EXERCISE REQUIREMENTS. Word for word, the data below must be repeated in full; no picture is to be included.
**** DATA
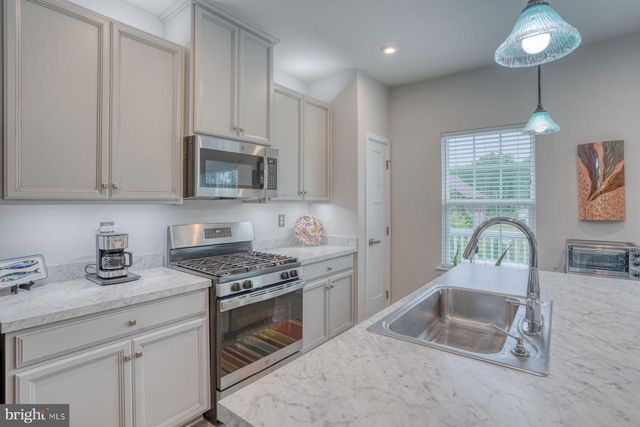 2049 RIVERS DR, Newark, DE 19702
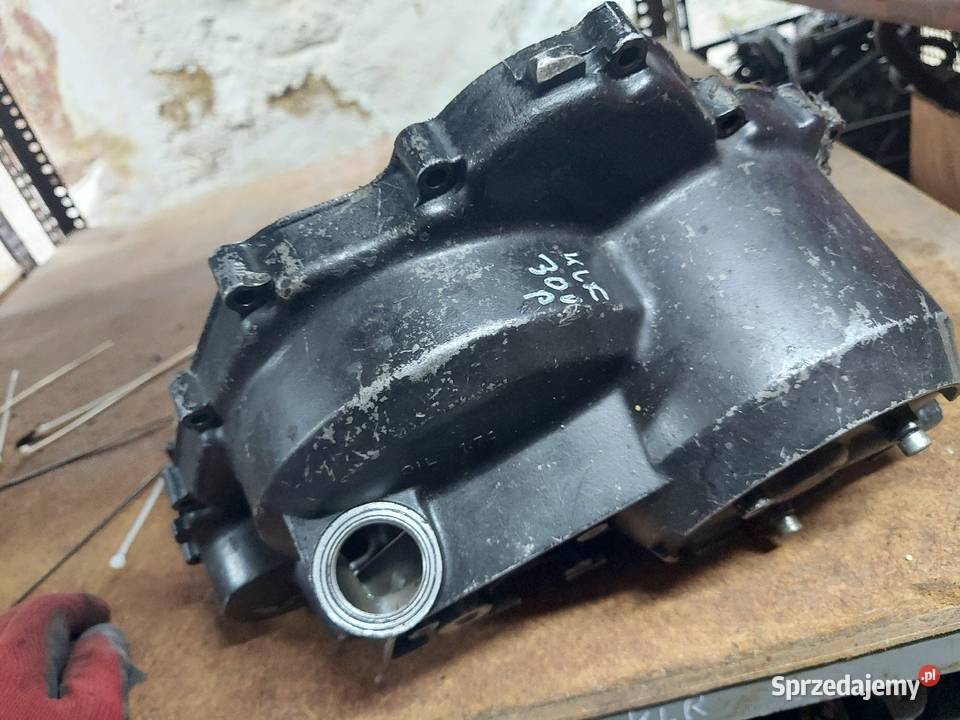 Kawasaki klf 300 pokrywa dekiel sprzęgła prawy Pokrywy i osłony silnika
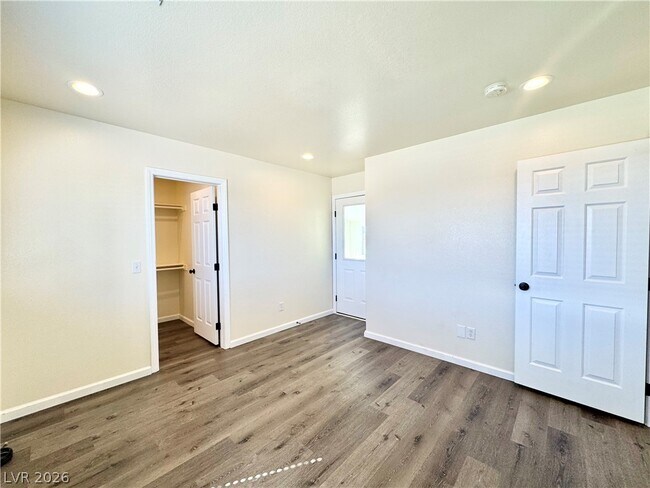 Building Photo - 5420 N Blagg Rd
********
WRITTEN ANSWER.
 2049 RIVERS DR, Newark, DE 19702
 Kawasaki klf 300 pokrywa dekiel sprzęgła prawy Pokrywy i osłony silnika
 Building Photo - 5420 N Blagg Rd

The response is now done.